I recently see that DataFrames.jl use ! as a row selector for a data
frame a lot.

Over a year ago, when we have taken data frames indexing seriously, there was a
very big debate if ! should be allowed in expressions like df[!, :a] to get
an :a column without copying. The conclusion was that we need to have it, but
our intention was that it would be reserved for advanced uses only, while
in normal circumstances a user would not need to even know that it exists.

In this post let me review the use-cases of ! and comment on its alternatives.

This post was written under Julia 1.5.3 and DataFrames 0.22.4.

First we set up the environment:

julia> using DataFrames

julia> df = DataFrame(col1=1:3, col2='a':'c')
3×2 DataFrame
 Row │ col1   col2
     │ Int64  Char
─────┼─────────────
   1 │     1  a
   2 │     2  b
   3 │     3  c

Reading a single column from a data frame

If you want to get a single column :col1 from a data frame df you have the
following options:

  • df[!, :col1], df[!, "col1"], df.col1, and df."col1": get you the column
    without copying;
  • df[:, :col1] and df[:, "col1"]: gets you a copy of the column.

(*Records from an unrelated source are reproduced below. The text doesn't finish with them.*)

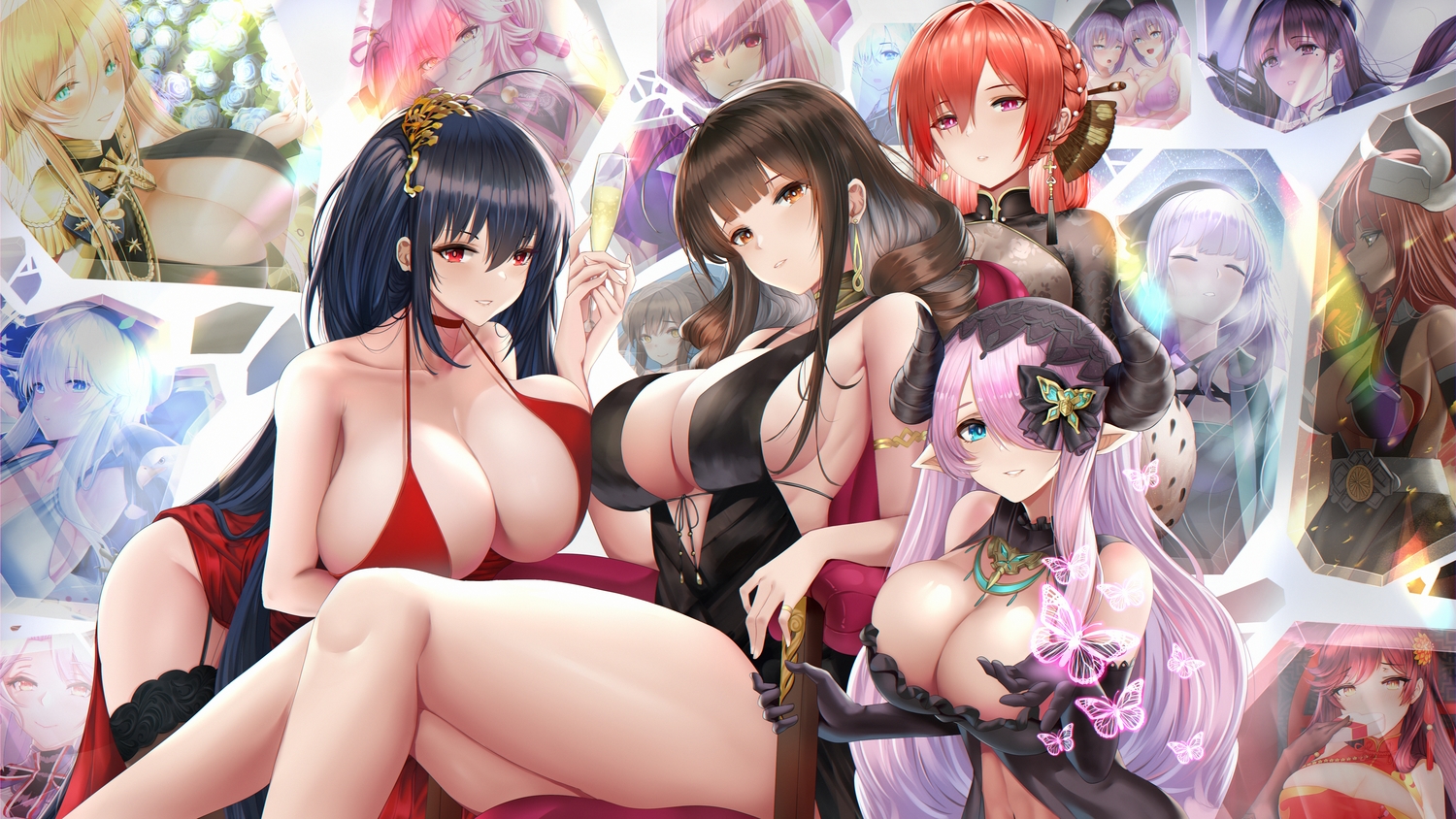anthropomorphism, atago_(azur_lane), azur_lane, bismarck_(azur_lane), breasts, cleavage, crossover, doggirl, dsr-50_(girls_frontline), enterprise_(azur_lane), fate/grand_order, fate_(series), girls_frontline, granblue_fantasy, illustrious_(azur_lane), monarch_(azur_lane), narmaya_(granblue_fantasy), original, piukute062, prinz_eugen_(azur_lane), scathach_(fate/grand_order), stockings, taihou_(azur_lane), tamamo_no_mae_(fate)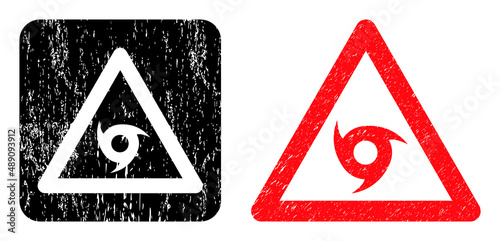 Vector tornado warning stencil icon. Grunge tornado warning imprint, done from icon and rounded square. Rounded square seal have tornado warning hole inside. Vector tornado warning grunge images.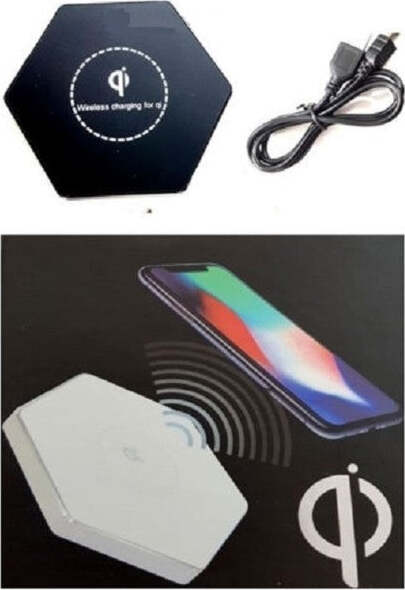 Base-Ricarica-Wireless-Esagonale-Qi-Universale-Caricabatterie-Piattaforma-Ricarica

As you see to get a single column without copying it is usually much easier to
rwiere df.col1 than e.g. df[!, :col1] and the operation has exactly the same
result.

The only case when df[!, :col1] is more convenient is when you have a column
name stored in a variable. Then the following are equivalent:

julia> v = :col1
:col1

julia> df[!, v]
3-element Array{Int64,1}:
 1
 2
 3

julia> getproperty(df, v)
3-element Array{Int64,1}:
 1
 2
 3

and indeed using ! is a big more convenient in this case, as you cannot pass
variable v to an expression like df.col1.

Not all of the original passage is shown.